LA RIBELLE, di Valeria Montaldi
“la Senna aveva il colore del piombo fuso e, sotto le arcate del ponte vorticava in gorghi fangosi da cui affioravano rami spezzati. La corrente li sollevava, li faceva ruotare, poi li inghiottiva verso il fondo”
Ecco cosa sta osservando Caterina da Colleaperto in una Parigi del 1254 mentre si reca in segreto alla dissezione di un cadavere tenuta dal suo maestro Rolando Lanfranchi. Caterina, infatti, è un medico che ha studiato a Montpellier e poi in seguito a eventi spiacevoli ha raggiunto Parigi dove ha iniziato a praticare la professione medica presso l’ Hotel Dieu.
Apparentemente la sua vita è tranquilla e scorre liscia dividendosi tra il suo lavoro all’ospedale, clienti privati dell’aristocrazia parigina e simposi di medicina. Senonché un giorno la sua posizione comincia a vacillare, Caterina deve scegliere tra far morire una giovane di parto, o salvarla eseguendo un parto cesareo.
Caterina decide di intervenire e da quel momento i problemi la inseguono, inoltre anche il suo mentore non che amante la ferisce.
“Quando aveva cominciato a raccontare a Rolando di come aveva deciso di affrontare quel caso difficile, si aspettava di ricevere elogi….Non l’aveva rimproverata ma quel suo silenzio e quel congedo frettoloso erano stati più che eloquenti”
Dopo una serie di altri spiacevoli eventi Caterina decide di abbandonare Parigi e raggiungere Milano dove vivrà nuove esperienze di amicizia e conoscenza nonostante la sua figura di donna medico venga vista con diffidenza.

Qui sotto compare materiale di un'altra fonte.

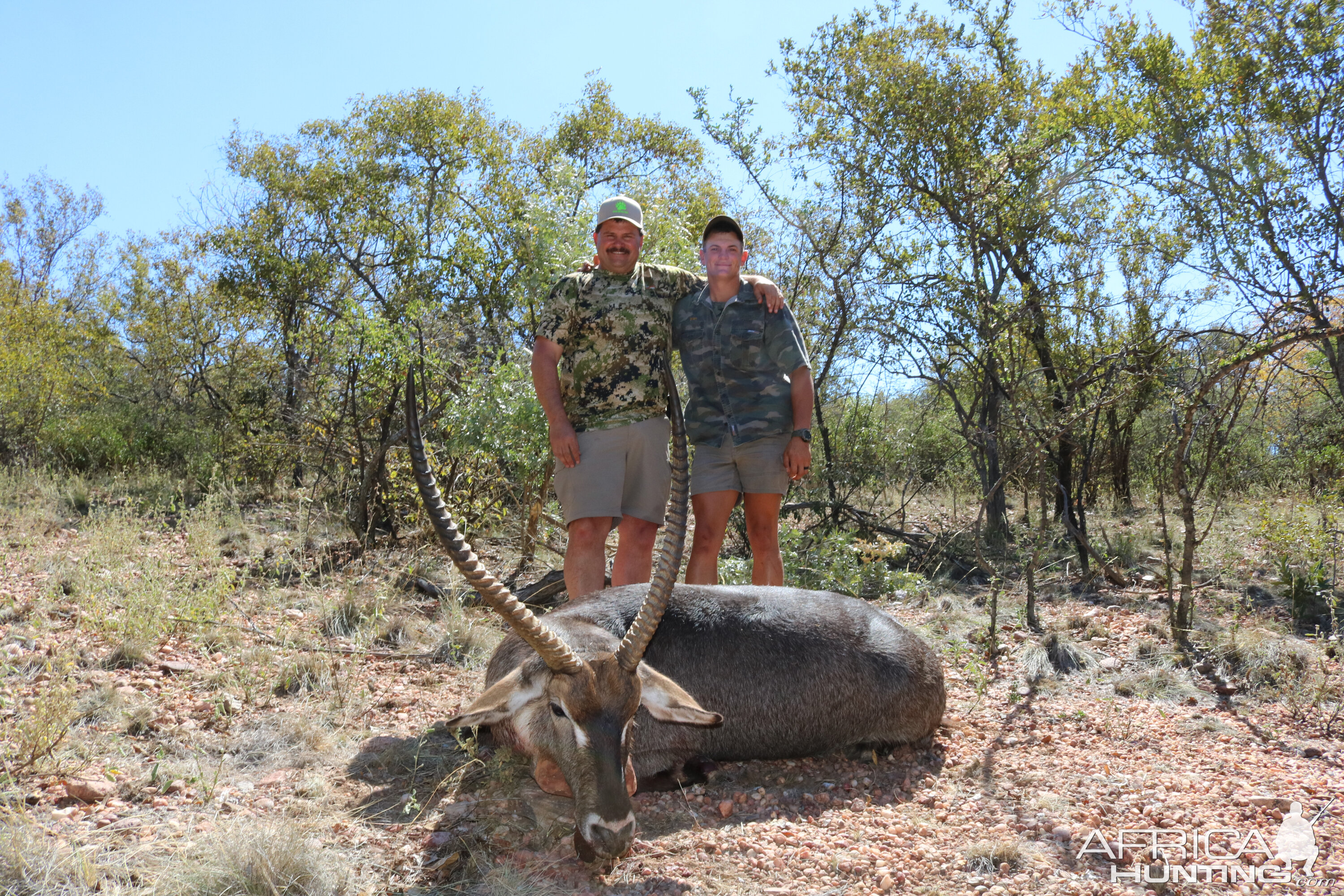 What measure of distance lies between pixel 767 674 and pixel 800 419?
6.03ft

La figura della protagonista è basata sulle figure di donne medico realmente vissute in quegli anni come Ersenda e Rebecca Guarnera, e scopo del romanzo è quello di mostrare quanto il pregiudizio e la diffidenza potessero influire in quegli anni sulla condizione sociale e personale di donne coraggiose.

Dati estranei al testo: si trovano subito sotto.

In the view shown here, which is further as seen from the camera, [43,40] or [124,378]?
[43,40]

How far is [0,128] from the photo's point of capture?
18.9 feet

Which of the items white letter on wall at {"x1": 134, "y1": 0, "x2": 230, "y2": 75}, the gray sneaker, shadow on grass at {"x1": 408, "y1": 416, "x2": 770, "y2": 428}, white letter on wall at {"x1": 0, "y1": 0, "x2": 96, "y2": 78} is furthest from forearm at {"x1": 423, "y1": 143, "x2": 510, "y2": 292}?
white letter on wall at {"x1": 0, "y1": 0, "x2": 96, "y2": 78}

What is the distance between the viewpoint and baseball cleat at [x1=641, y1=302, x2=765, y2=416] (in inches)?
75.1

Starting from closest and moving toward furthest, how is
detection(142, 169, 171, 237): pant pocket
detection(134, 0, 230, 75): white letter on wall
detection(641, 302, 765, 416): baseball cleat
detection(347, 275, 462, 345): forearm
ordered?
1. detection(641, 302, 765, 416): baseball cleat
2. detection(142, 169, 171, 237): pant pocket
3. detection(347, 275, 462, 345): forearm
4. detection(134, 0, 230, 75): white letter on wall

Di base si nota una certa cura nella ricerca di informazioni sulla professione medica nel medioevo e anche l’ambientazione è ricca di dettagli. Ma alle volte ho ritrovato troppi personaggi minori che hanno appesantito la storia assieme a troppi riferimenti ad arredi, tessuti decori sugli abiti.
Anche alcune riflessioni di Caterina sembrano un po’ improbabili in una donna del 1200. Nel complesso raggiunge solo la sufficienza e non ne consiglierei la lettura , il meno riuscito tra i romanzi della Montaldi.